Politics & Government
GOP Tax Plan: Maryland's Winners And Losers
Proposed Republican tax cuts could lead to uneven benefits for Marylanders, with homeowners potentially being hit the hardest.

A plan rolled out by House Republicans to overhaul the tax code, the first rewrite of tax laws in a generation, and cut taxes by $1.51 trillion, was denounced as a giveaway to corporations and the wealth that "socks it to working" Maryland residents, according to one politician. The plan, to be formally introduced later, preserves pre-tax contributions of up to $18,000 to 401(k) retirement plans, a key savings vehicle for many middle-income Americans, and also reduces the number of tax brackets, slashes corporate tax rates and sharply reduces a cherished deduction for mortgage interest — something that could greatly affect the tax bills of high-value real estate areas like Maryland.
A summary of the plan released Thursday follows months of internal debate, delays and conflict.

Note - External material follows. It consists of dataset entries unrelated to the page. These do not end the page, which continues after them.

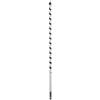 IRWIN Power Ship Single Twist Screw Point, 0.5-In. -3043005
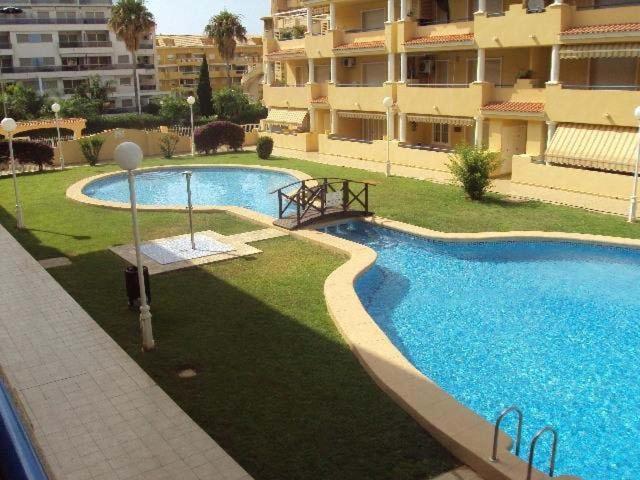 Apartment Precioso Atico A 200 M. De La Playa. Espectacular Terraza. *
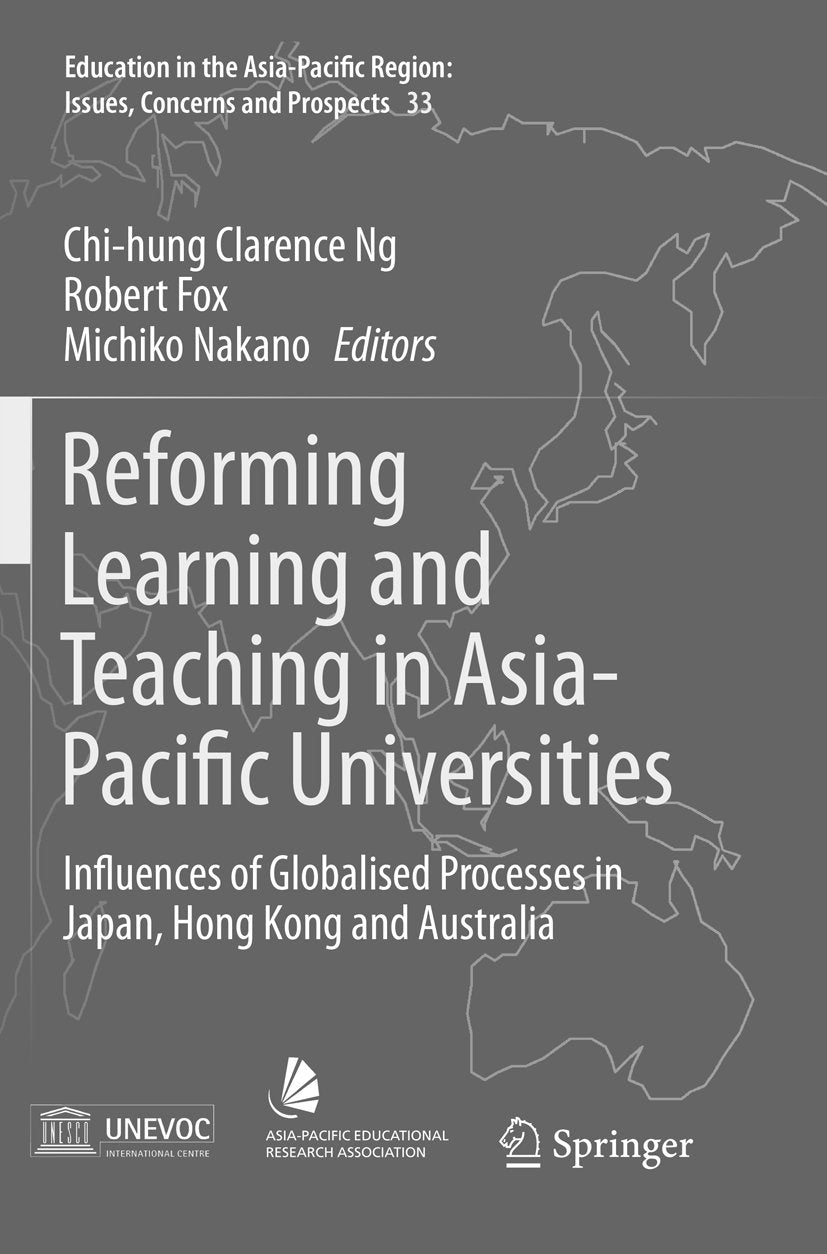 Education in the Asia-Pacific Region: Issues, Concerns and Prospects
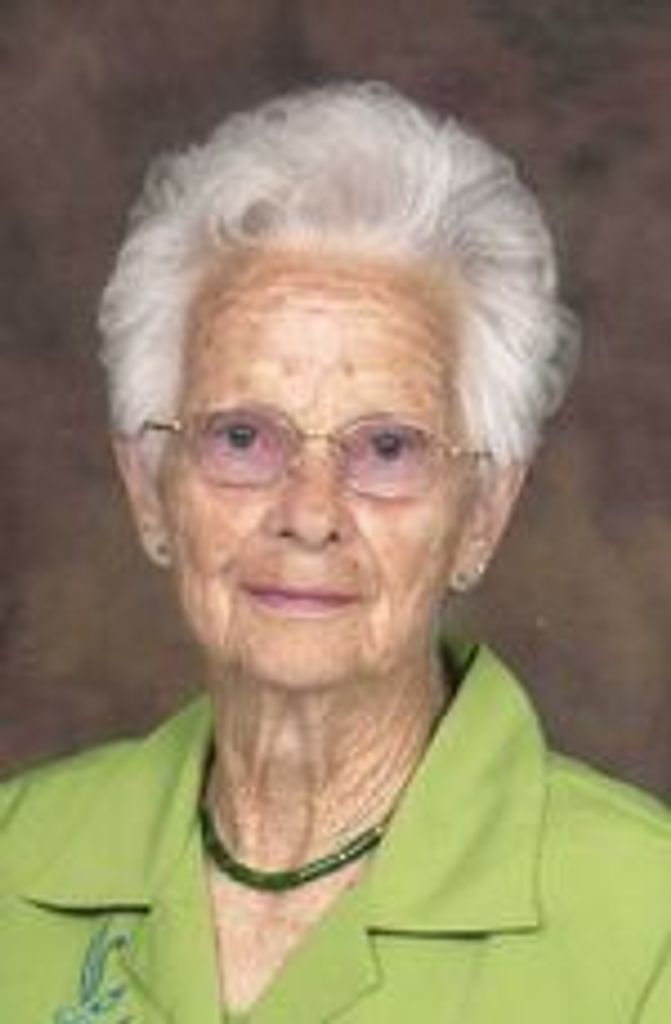 Blanche E. Frades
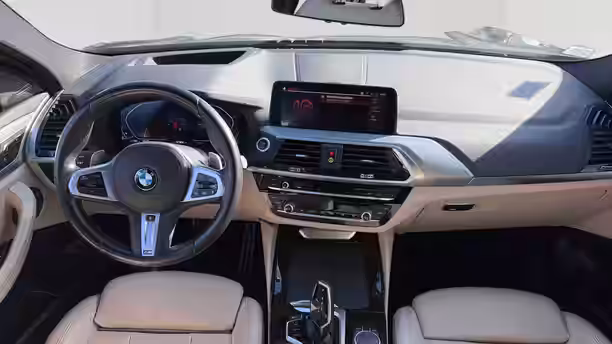 BMW X4 G02 9 / 47
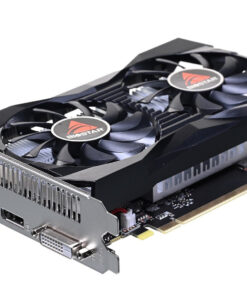 Alternative view of Biostar GeForce GTX 1050 4GB GDDR5 Κάρτα Γραφικών VN1055XF41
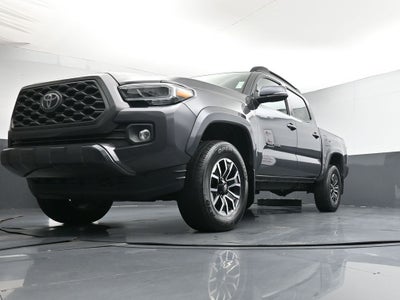 2022 Toyota Tacoma TRD Sport V6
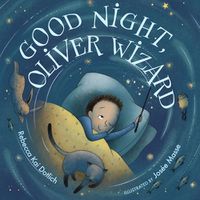 Cover image for Good Night, Oliver Wizard
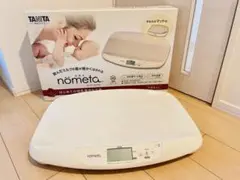 【TANITA】スケール　母測nometa（ノメタ）BB-105（2024年製）
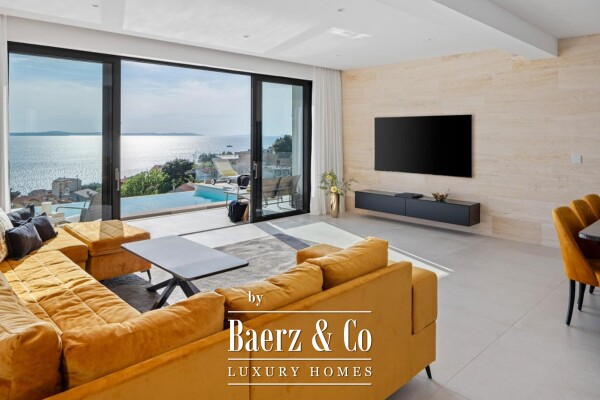 photo 7 Jesenice, modern semi-detached villa with beautiful sea viewl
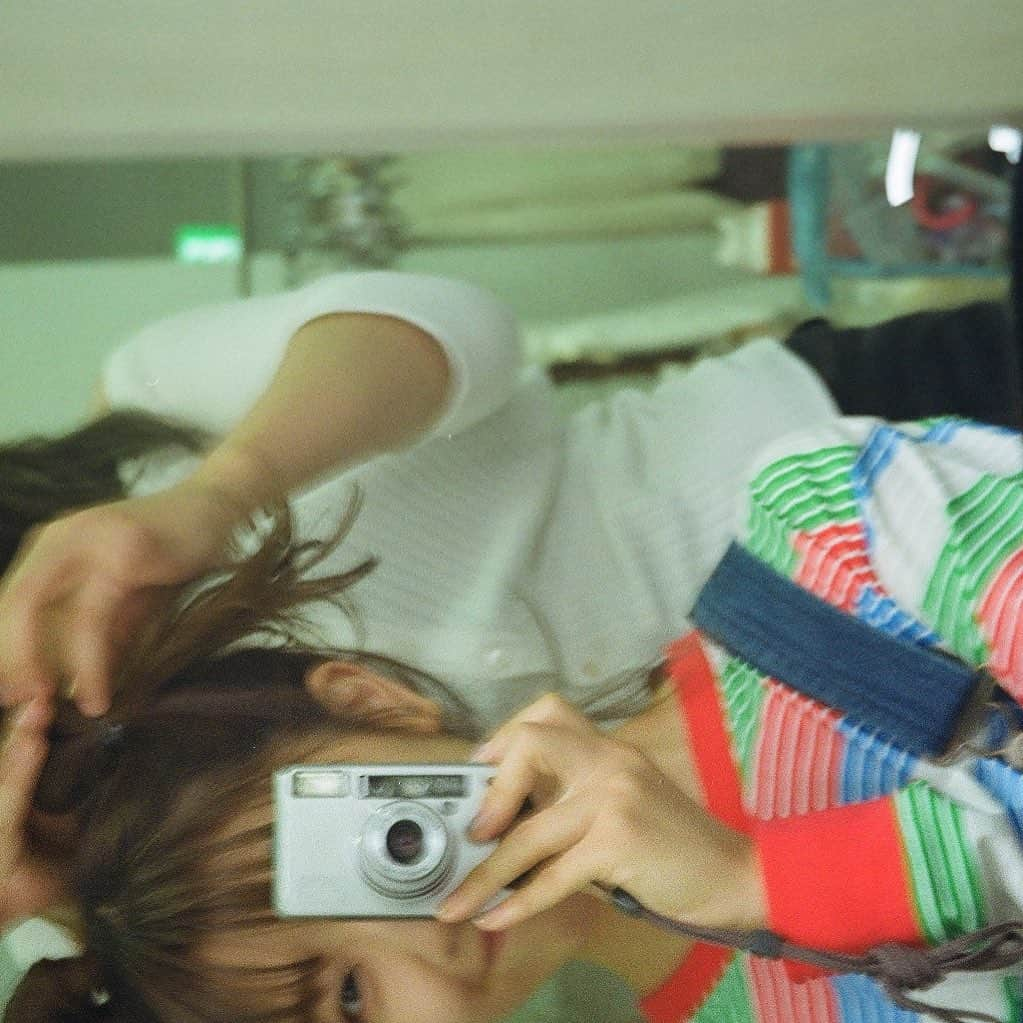 碓井玲菜さんのインスタグラム写真 - (碓井玲菜Instagram)「ニヤリ」10月3日 19時21分 - reina_usui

It is far from a final product, and lobbyists are already lining up in opposition to some of the key provisions, including limits on the amount of mortgage interest homeowners can deduct and a sharp reduction in the corporate tax rate some conservatives argue could mean more overseas outsourcing of American jobs.
One of the things that will hit Marylanders the hardest is a proposed limit on the deduction of local property taxes to $10,000, known as the SALT deduction. The deduction for state income taxes would be eliminated, which generated significant opposition from Republicans in high-tax states such as Maryland, New York, New Jersey and Pennsylvaia.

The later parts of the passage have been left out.